Das genaue Gegenteil von diesen Barbaren ist die Festival-Bourgeoisie. Die wohlhabende Elite, die einen großen Bogen um den Campingplatz macht, auf dem der betrunkene Pöbel verkehrt. Nein, als hochwichtiger und enorm gefragter irgendwas kommt nur das Hotel in Frage. Diese Schnösel tun zwar niemandem etwas zuleide und lassen auch alle Zelte unversehrt (schon wegen des Bogens), gehen mir aber irgendwie schon durch ihre bloße Existenz gegen den Strich. Vielleicht haben diese Menschen und ich einfach nur unterschiedliche Auffassungen von „Festival“, aber auch bei Indoor Festivals wie dem Mile Of Style halte ich stets Ausschau nach der schmuddeligsten, abgefucktesten Herberge, um sicher zu gehen, dass der Begriff der Lärmbelästigung ein Fremdwort ist und das Rauchen im Zimmer durch eine Stunde Lüften als relativiert gilt – schaut nach der Abreise ja ohnehin keine Sau rein. Also auf gut deutsch: Festivals sollten dreckig, ungeniert und alkoholgetränkt sein. Man muss stets Gefahr laufen von einem mit 300 Km/h umherfliegenden Würstchen getroffen zu werden. Die hochnäsigen Hotelbewohner vermeiden das aber tunlichst und kuscheln sich lieber in ihr Himmelbett für den Preis eines Festivaltickets plus Verpflegung pro Nacht.

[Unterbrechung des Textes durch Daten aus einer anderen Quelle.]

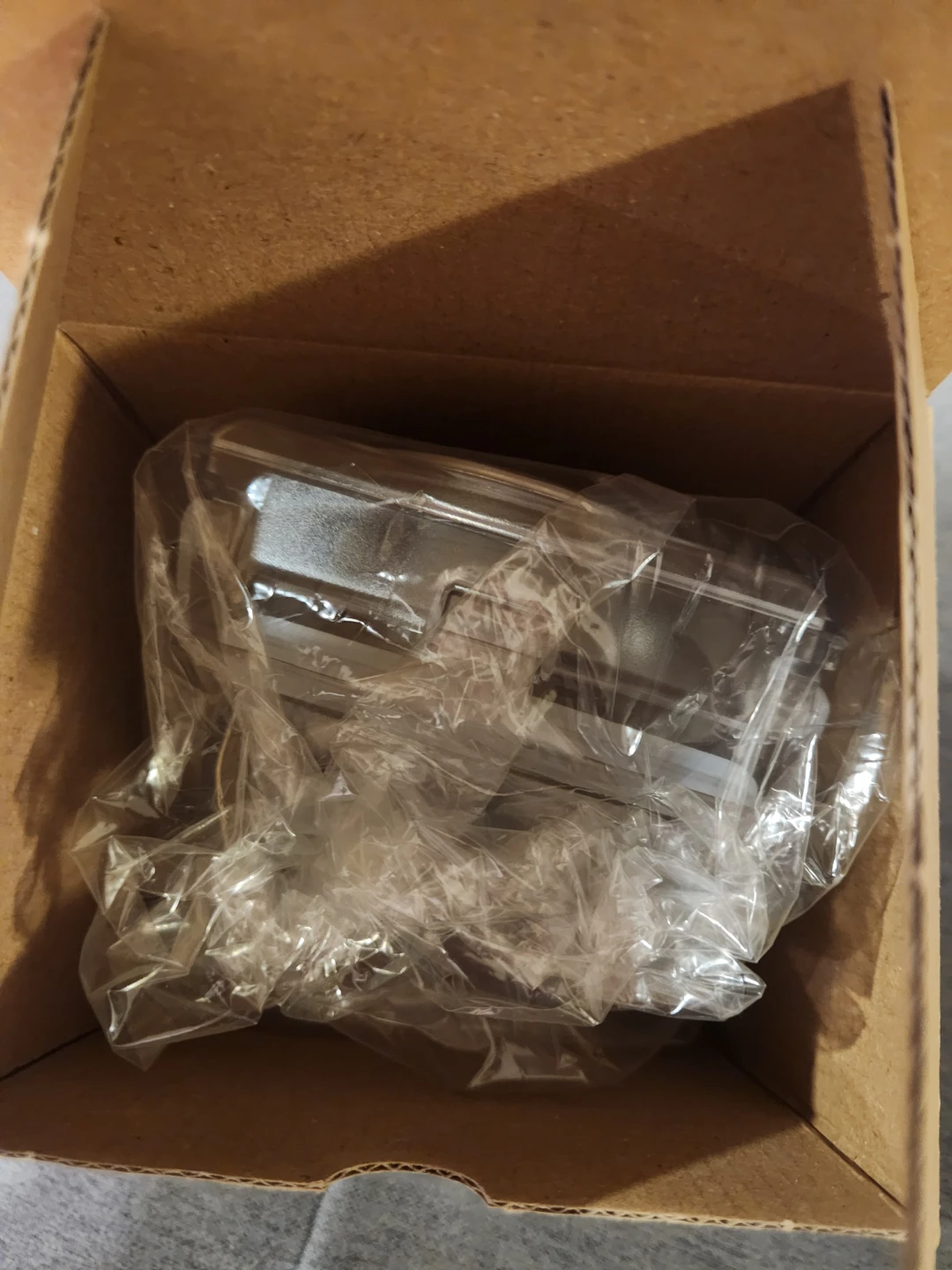 ResMed Water Chamber for AirSense 10 and AirCurve 10 - photo 4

Ja, das Klientel bringt einiges an Ärger mit sich. Letztes Jahr hatte ich noch einen Campingkocher – der wurde mir aber ganz schnell geklaut. Immer mehr minderjährige Schreihälse und auf Hochglanz polierte Röhrenjeans wandern umher. Würste fliegen, Zelte brennen. Das Bier schmort in der Sonne auf Tee-Temperatur. Du bist schmutzig, du stinkst. Du musst Geld bezahlen um auf versifften Toiletten kacken zu gehen. Machst du aber lieber, schon weil die Gefahr besteht, dass irgendwelche korrekten Dudes das Dixie-Klo umschmeißen, während du dein Geschäft verrichtest. Du zahlst 5€ für einen unfassbar beschissenen Döner, für den du erstmal 15 Minuten anstehen musstest. Verdammt, irgendwie liebe ich das. Wer darüber jammert, soll sich halt aufs Green Camp verpissen – und Malle ist ja nur ein mal im Jahr.